Wednesday, January 27, 2010

Tweet? Blog? E-Mail? It's Still the Message That Motivates!

We are blessed with (beset by?) an amazing array of communications media in today’s modern world. You can deliver a message in traditional ways (newspaper, magazine, radio, television, billboard, direct mail), or through an assortment of web-based channels (web sites, e-mail, blogs, Twitter, Facebook, LinkedIn, etc.).

But beware! It is easy to get caught up in how to make contact and lose sight of what you are saying. No matter how you deliver it, the content of your message is what makes things happen.

I recently met with a prospect about starting a social media program for his company. He was skeptical, saying that he had young people on staff who could easily set up Twitter and Facebook accounts without having to pay an outside agency. Perfectly true, as most social media is free and open to all.

“But what,” I asked, “will you say?” As adept as his young staffers are with web-based media, they do not have the experience or insight into what the message should be. Nor do they have the discipline to consistently develop and deliver compelling information to fans and followers who sign up.

If you are going to use social media for marketing purposes — and I think most businesses should — you must make sure your tweets, e-mails, posts and blog entries are:

1. Consistent with your brand image,
2. Contain information of value and interest,
3. Include a call to action,
4. Are compelling enough to elicit a measurable response.

Otherwise, you’ll be just another noisemaker on the web. Remember, just because the media is free does not mean you can afford to take it lightly. Rushing into a social media program without a plan and purpose-driven message is a waste of everybody’s time, and could actually backfire with web-savvy customers.

Go back to basics and remember my “Four I’s” of advertising. Every message should have impact in the form of a strong headline, subject line or tag. It should burnish your company’s image by being well-written and (when appropriate) having an attractive layout. The message must contain information that is interesting and not self-serving. And the message should be written so as to generate inquiries, which can be easily measured.

Keep these rules in mind every time you log on to tweet or post a blog entry. They will help you make the most of the amazing power of social media.

Wednesday, January 20, 2010

Have You Earned the Right to Speak to Customers and Prospects?

You may have heard that we recently held a special election to elect a new U.S. Senator here in my home state of Massachusetts. Because the race between Republican Scott Brown and Democrat Martha Coakley was so tight, both sides unleashed a torrent of advertising over the final few weeks leading up to election day.

Among the most annoying of the ads (and there were plenty to be annoyed with) were the seemingly endless series of “robo-dial” automated phone calls. Over the final five days of the campaign I received at least 100 phone calls from the candidates, famous supporters, not-so-famous supporters and political action groups.

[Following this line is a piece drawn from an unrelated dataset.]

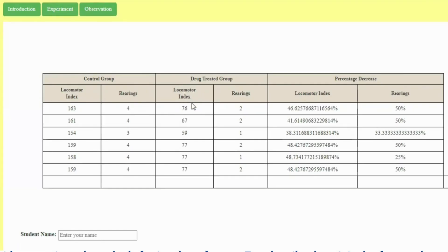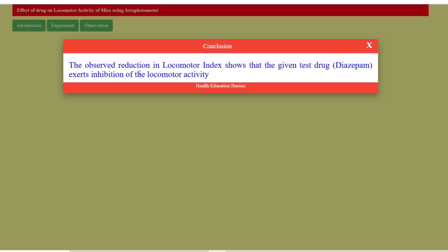This shows that our drug — diazepam — is a CNS depressant acting on GABA inhibitory receptors, and the vehicle-treated animal in normal condition was showing more locomotor index. The conclusion: the observed reduction in locomotor index shows that the given test drug diazepam exerts inhibition of locomotor activity. Please comment if you want to know anything else. Thank you for watching Research Needs.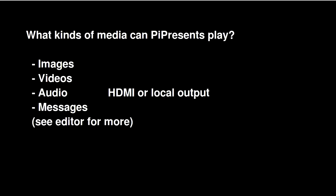I've already talked about what it can play. For images, it uses the built-in player that's part of Python. For videos, it uses a special player designed for the Raspberry Pi called OMX Player. For audio, it uses MPlayer, and it has its own way to display text messages.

As someone who had already taken the time to become an informed voter, I did not want to waste my time with these calls. I hung up quickly on 99 of the calls.

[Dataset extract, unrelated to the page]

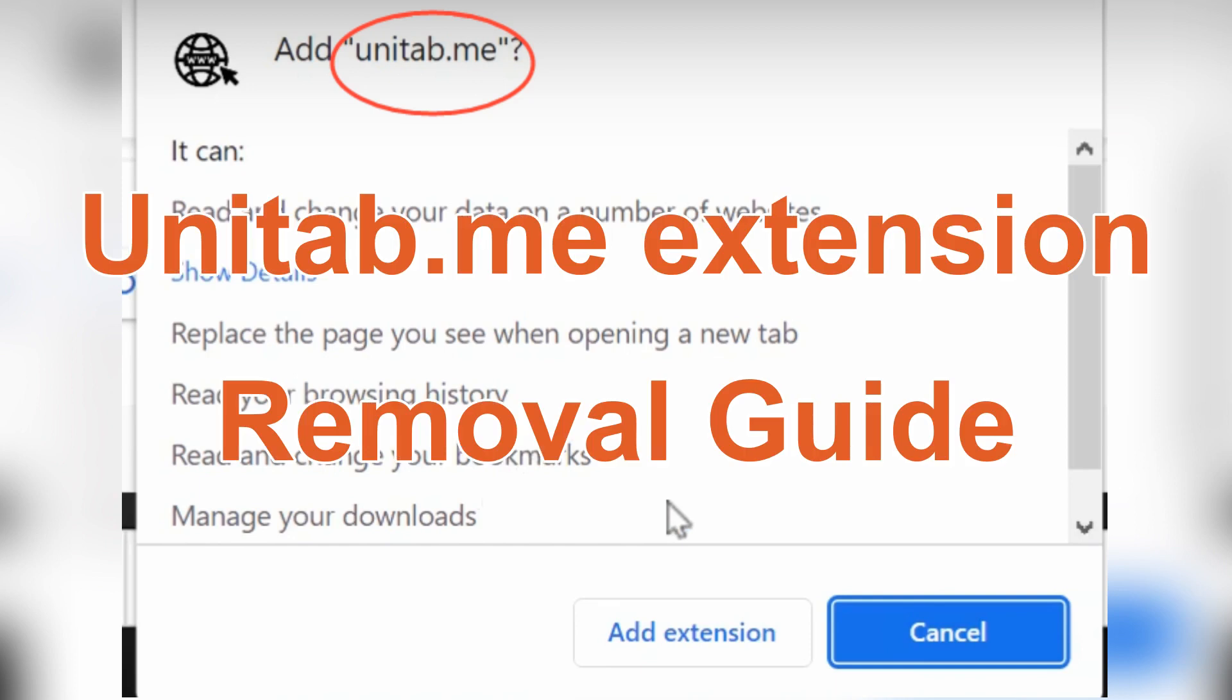Hey guys, this video will show you how to remove Uniteb extension from web browser.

But I patiently listened to one.

That call came from my state representative. His message was not surprising, offering his support for one of the candidates. But, why, you might wonder, did I take the time to listen to this single call out of the hundred I received?

Because it came from a source that I knew and trusted. Because my local representative had been in communication with me on a regular basis over the past several years, keeping me informed of issues that were important to my town, my business and my family.

By his accumulated efforts, he had earned the right to be heard.

Have you earned that right with customers and prospects? Have you put forth the effort to start a relationship? To establish your authority and expertise? To allow the customer or prospect to become familiar and comfortable with you?

It is foolish to believe that a single communication, no matter how powerful a blast it may be, will be sufficient to motivate people to action. It takes time and consistent effort to reach a point of understanding and acceptance. And the effort must continue to maintain that tenuous relationship.

If such an effort is required in an important arena like politics, you can imagine the necessity of regular communications in the world of commerce. What have you done today to earn the right to be heard?